Direkte Auswirkungen auf Kunde-Bank-Verhältnis

In der Krise 2008 ging viel Vertrauen in die Finanzmärkte verloren. Dieses wiederherzustellen, ist eines der Anliegen der internationalen und nationalen Regulierungsbehörden. Ein zentrales Vorhaben auf EU-Ebene hierzu war die Einführung der zweiten Version der „Richtlinie über Märkte für Finanzinstrumente“ (englisch: „Markets in Financial Instruments Directive“, kurz MiFID II). Mit der überarbeiteten Norm schuf der Gesetzgeber einen europaweit einheitlichen Rechtsrahmen für das Wertpapiergeschäft – mit der Zielstellung, die Transparenz an den Märkten und das Schutzniveau der Anleger zu erhöhen. Viele der neu geregelten Pflichten betreffen den Vertrieb, den Verkauf und die Beratung von Finanzprodukten. Damit wirken sie unmittelbar auf das Verhältnis zwischen Bank und Kunde. In Kraft getreten ist das Regelwerk am 3. Januar 2018.

Ein Jahr in der Praxis | Ergebnisse

Zeit, Bilanz zu ziehen

Nachdem die Vorschriften nun über ein Jahr in der Praxis angewendet werden, war die Zeit reif für eine erste Bewertung.
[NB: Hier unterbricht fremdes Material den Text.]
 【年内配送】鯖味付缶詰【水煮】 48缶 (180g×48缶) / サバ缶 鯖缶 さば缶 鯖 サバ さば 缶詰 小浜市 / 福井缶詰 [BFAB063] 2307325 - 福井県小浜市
Jüngst hat sich etwa die Bundesanstalt für Finanzdienstleistungsaufsicht (BaFin) mit den Auswirkungen u.a. von MiFID II aus Kundensicht auseinandergesetzt. Auch die in der „Deutschen Kreditwirtschaft“ (DK) zusammengeschlossenen hiesigen Banken und Sparkassen haben im März dieses Jahres eine von der Ruhr-Universität Bochum erstellte Auswirkungsanalyse veröffentlicht. Hierzu wurden rund 3.000 Kunden und über 150 Banken sowie Sparkassen in Deutschland befragt.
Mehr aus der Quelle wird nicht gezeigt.